While reading formulas and readability levels are useful tools, we sometimes need to lay down the tools and ignore the science of them in favor of the art of knowing the needs of specific students. By all means, push your capable, successful readers to higher-level books when they need to be pushed. But also know when it’s less about pushing students—particularly those who are struggling or reluctant readers—to higher-level books than allowing them to read in order to find success and joy. In other words, manage your students’ independent reading practice—but not too rigidly.
Time spent “just” reading
In our recent book Literacy Reframed, my coauthors and I advise educators to “divide discussions about reading into a few distinctly different categories—reading to students, having students read independently, and reading with students (instructional reading)…[because] different rules govern what constitutes success within each category.” We add that “wide independent reading holds significant, overlooked, and undervalued potential,” yet convincing some people of the importance of regular independent reading time is still a challenge. “How could we possibly allocate so much time to the students just reading?,” these critics ask. Some would prefer that all reading time be reserved for whole-group reading of a common text, with any additional time spent on reading strategies and the lessons of the curriculum.

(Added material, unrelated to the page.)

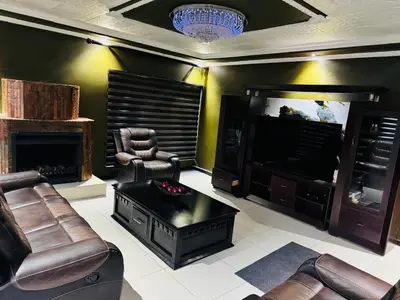 a living room with a flat screen tv and leather furniture at Sejpro Living at 1 Motse Street in Polokwane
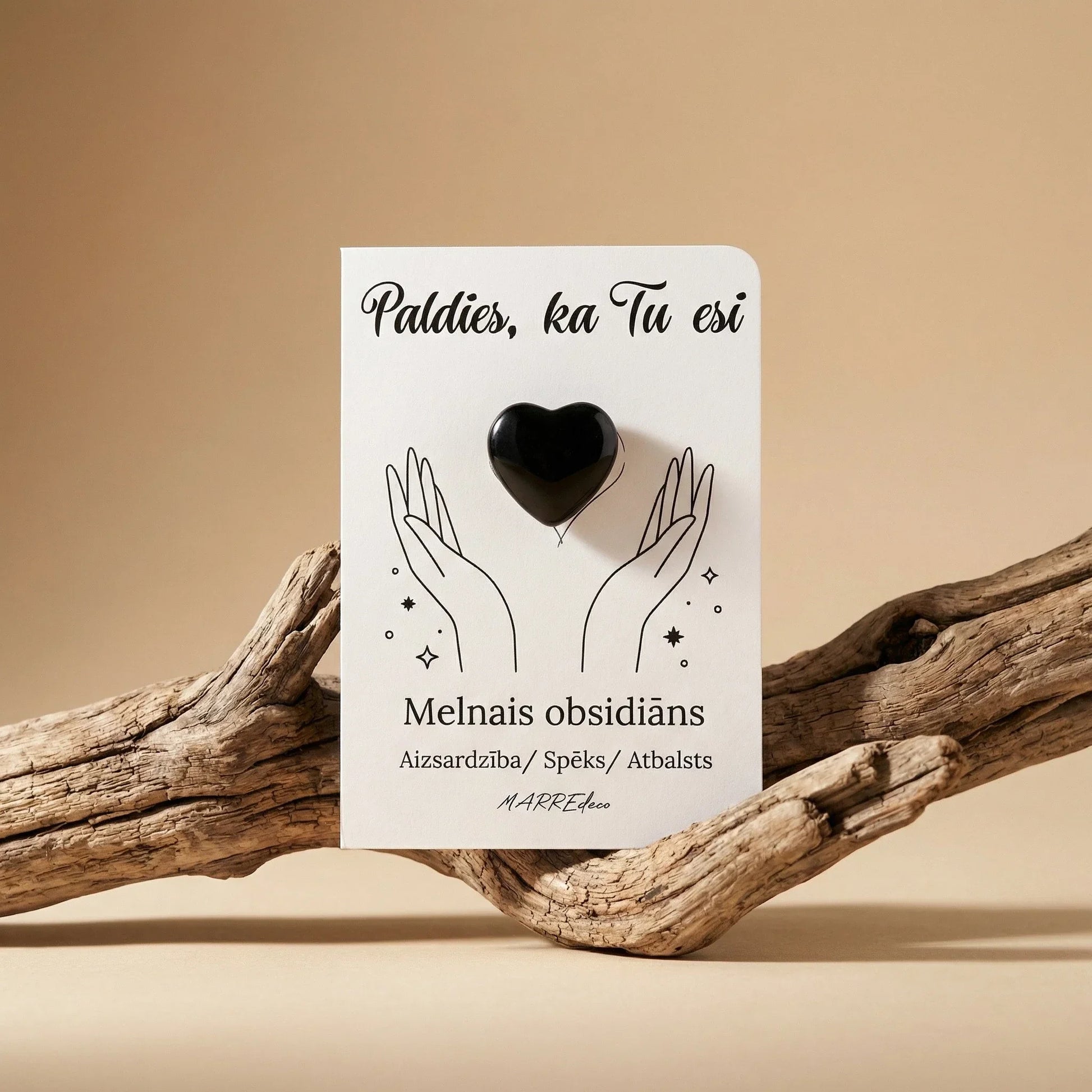 Melnā obsidiāna sirds formas akmens uz baltas kartītes ar uzrakstu "Paldies, ka Tu esi" un nozīmi "Aizsardzība / Spēks / Atbalsts". Kartīte novietota uz dabiska koka zara uz silta, bēša fona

In fact, one middle-school teacher recently wrote about how he resented the use of school time for Accelerated Reader. He called for this time to be cut from the school day, in order to allow more time for “grappling with complicated narrative structures, idiosyncratic narrative perspectives, enigmatic plots, and multi-faceted characters.” While these elements all have a time and a place—grade-level reading instruction clearly must occur—I contend that students, particularly those who are struggling or reluctant, also need to be able to experience reading as a fluent and pleasurable activity, lest they never find a love of books and reading.
Willingham (2015) remarks that “setting aside class time for silent pleasure reading seems to [him] the best way to engage a student who has no interest in reading,” because “it offers the gentlest pressure that’s still likely to work.” As an educator, I’ve experienced few, if any, instances where whole-class reading experiences turned non-readers into readers. But I can think of many occasions—including those I’ve discussed in this blog—where independent reading experiences have accomplished this.
Fogarty, R., Kerns, G., and Pete, B. (2020). Literacy reframed: How a focus on decoding, vocabulary, and background knowledge improves reading comprehension. Bloomington, IN: Solution Tree.
Willingham, D. (2015). For the love of reading: Engaging students in a lifelong pursuit. American Educator, 39(1), 4–13, 42.